## PROBLEM TO WORK ON
Leaving out the pictures, please reproduce exactly and only the lines from the one that contains "Whimsical Rainy Day" through the last line below.
(Beginning of PROVIDED ENTRIES)
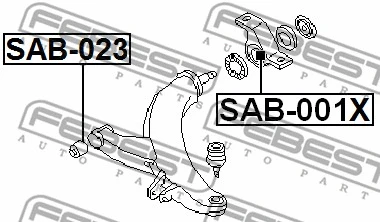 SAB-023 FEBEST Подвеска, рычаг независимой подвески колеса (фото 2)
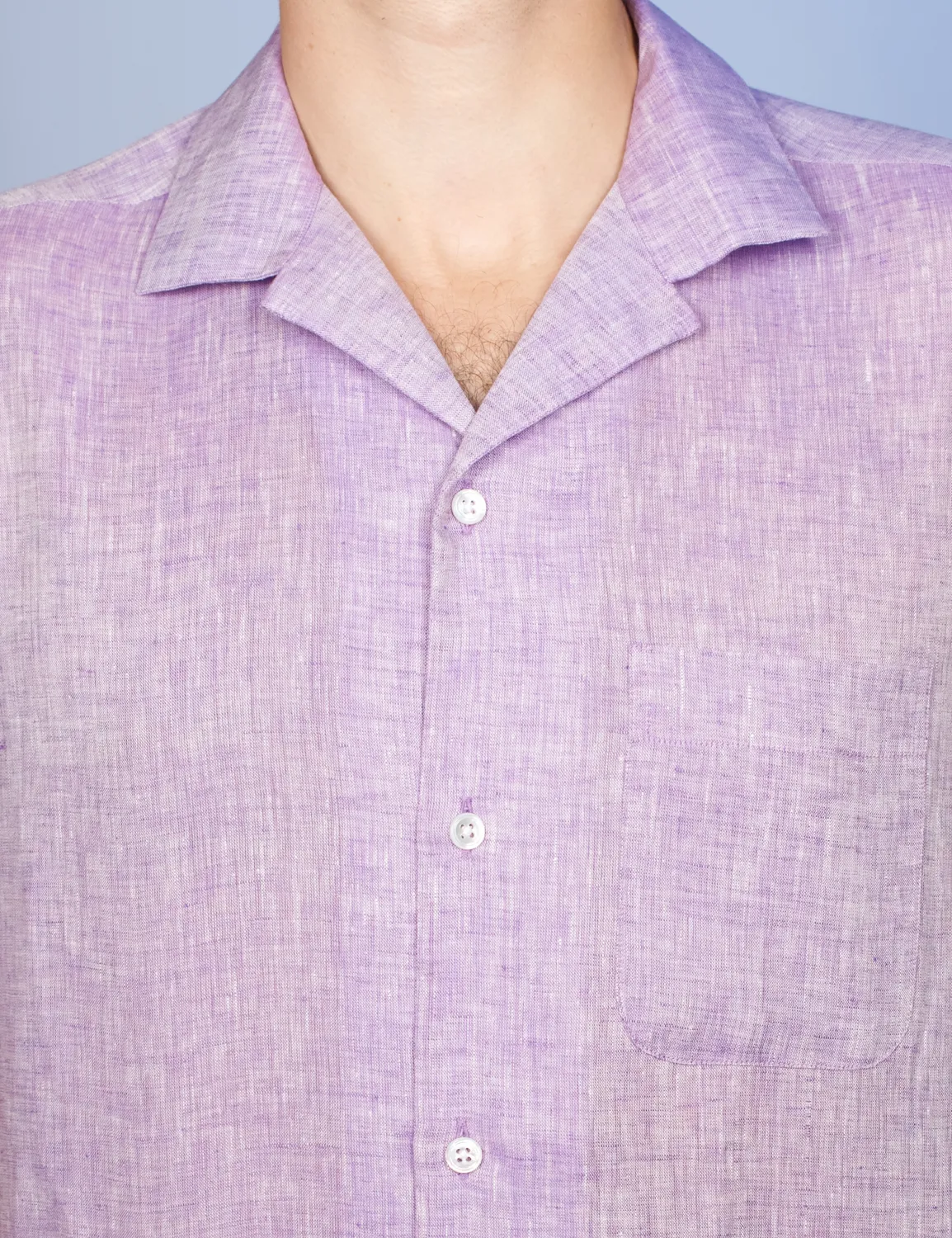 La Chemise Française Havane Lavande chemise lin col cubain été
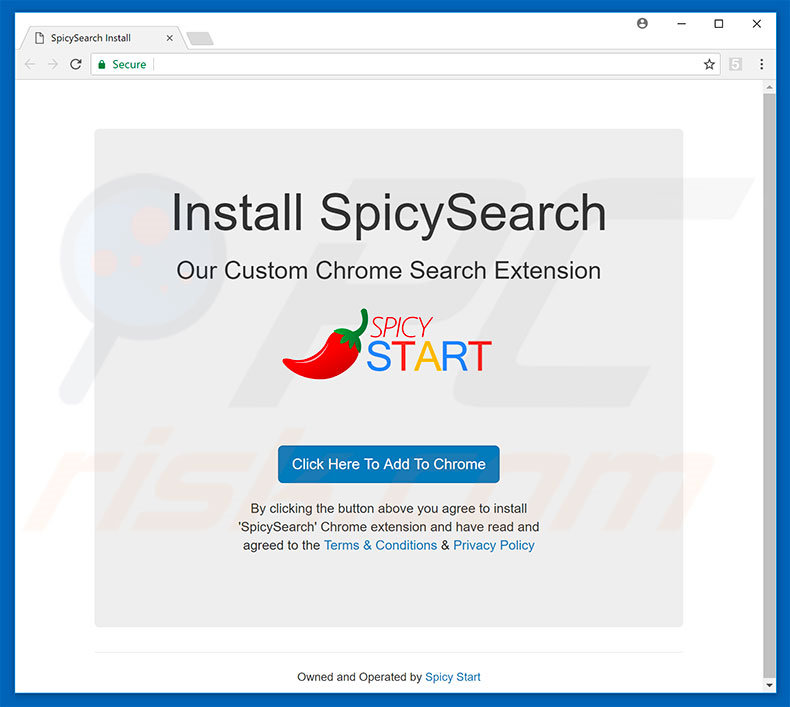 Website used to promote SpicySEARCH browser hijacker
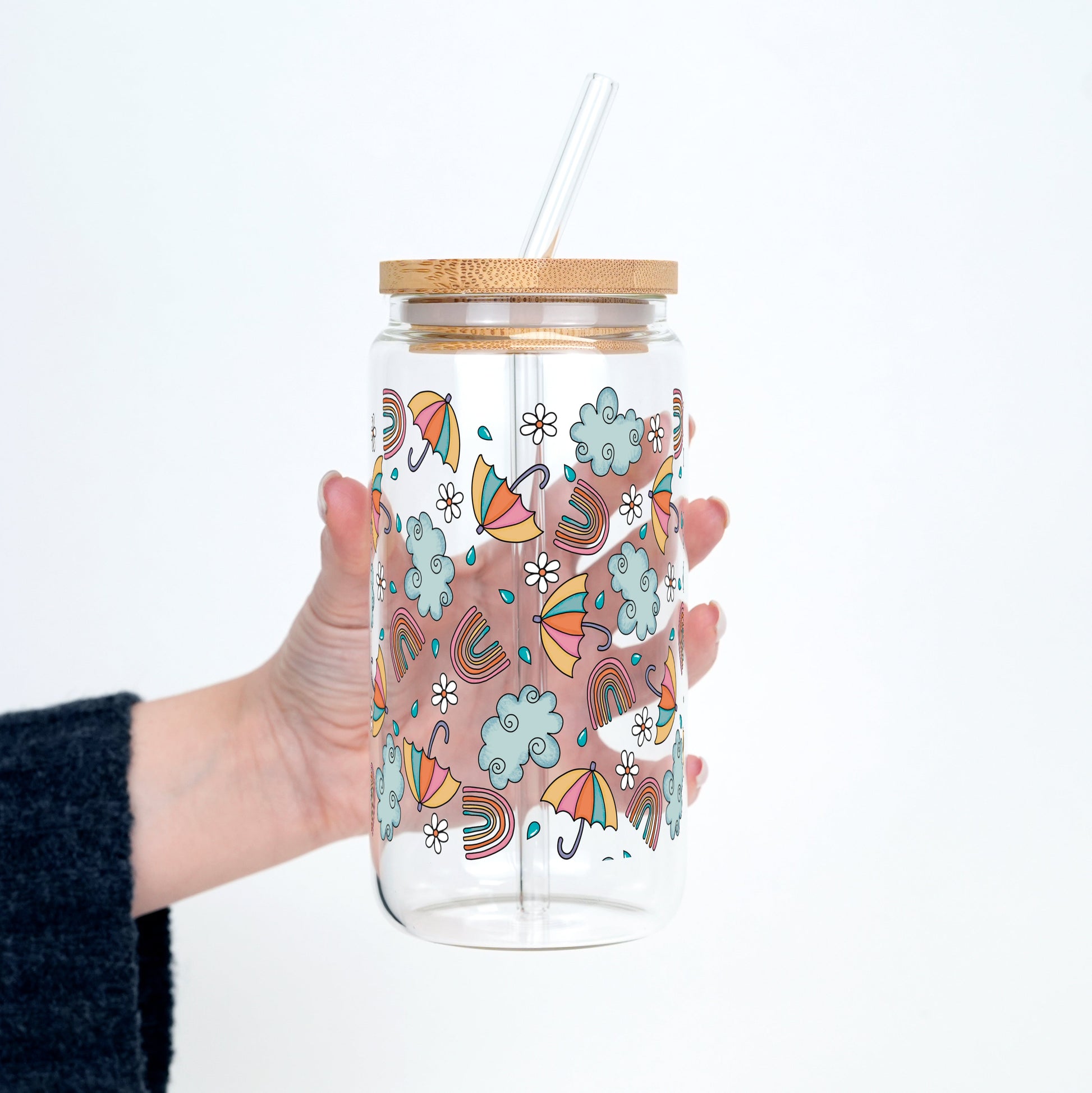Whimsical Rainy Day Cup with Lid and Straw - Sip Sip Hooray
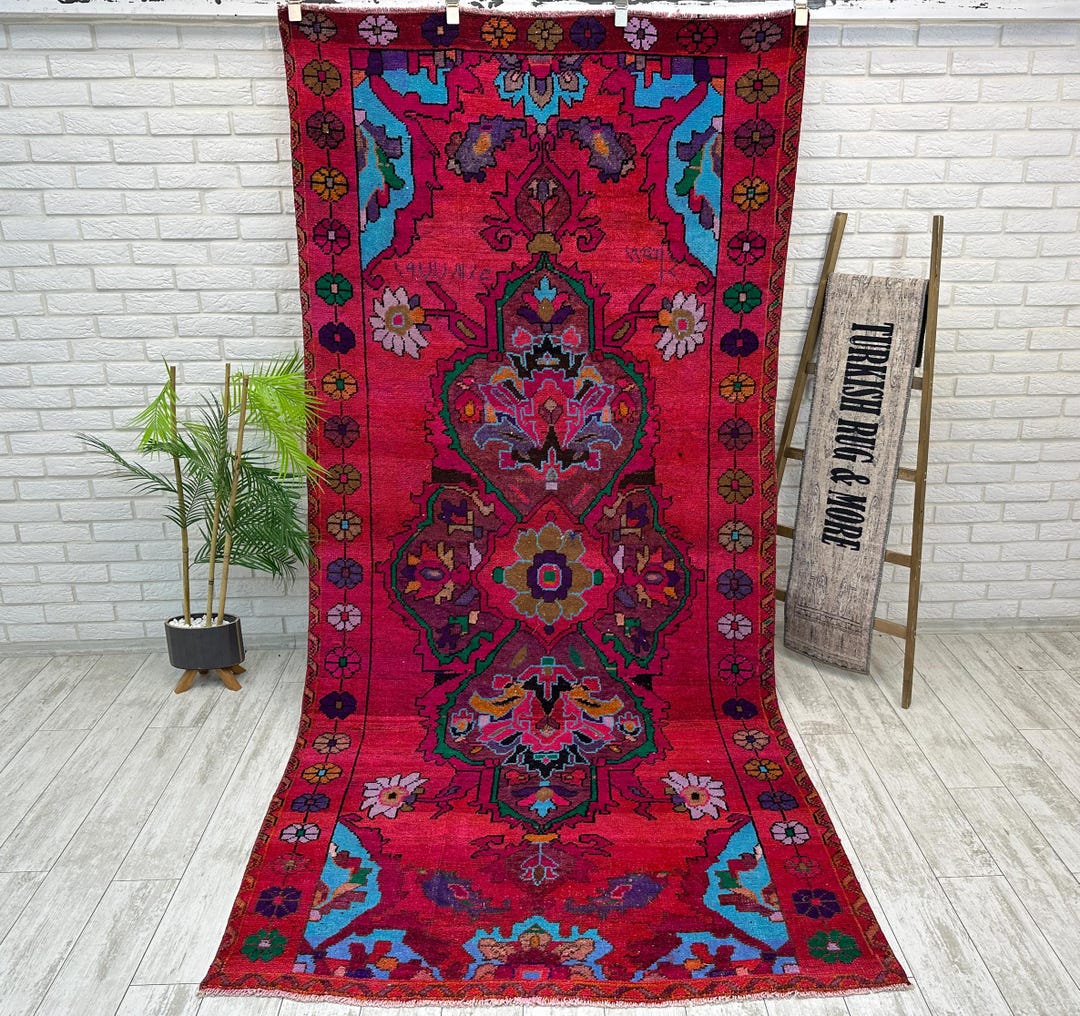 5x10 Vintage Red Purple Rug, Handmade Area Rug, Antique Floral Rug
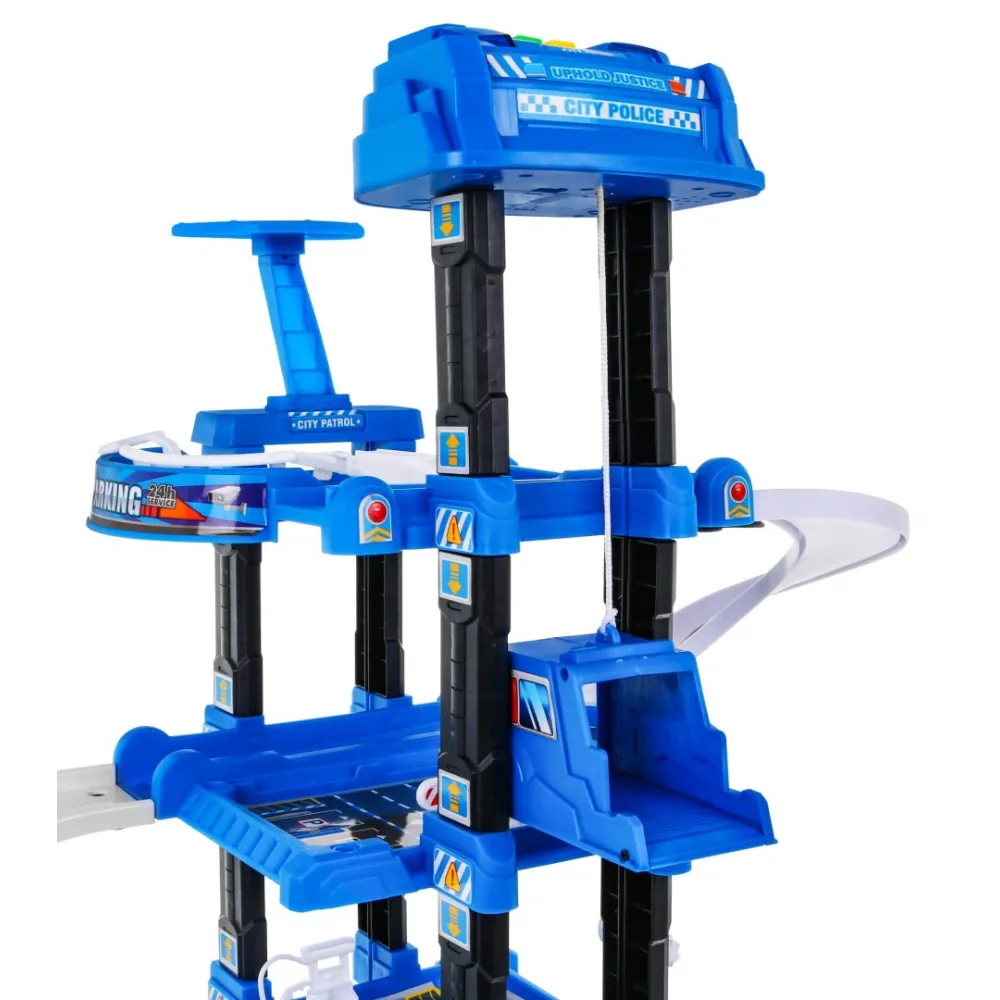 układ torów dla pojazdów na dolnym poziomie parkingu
(End of PROVIDED ENTRIES)
## WORKED SOLUTION
Whimsical Rainy Day Cup with Lid and Straw - Sip Sip Hooray
 5x10 Vintage Red Purple Rug, Handmade Area Rug, Antique Floral Rug
 układ torów dla pojazdów na dolnym poziomie parkingu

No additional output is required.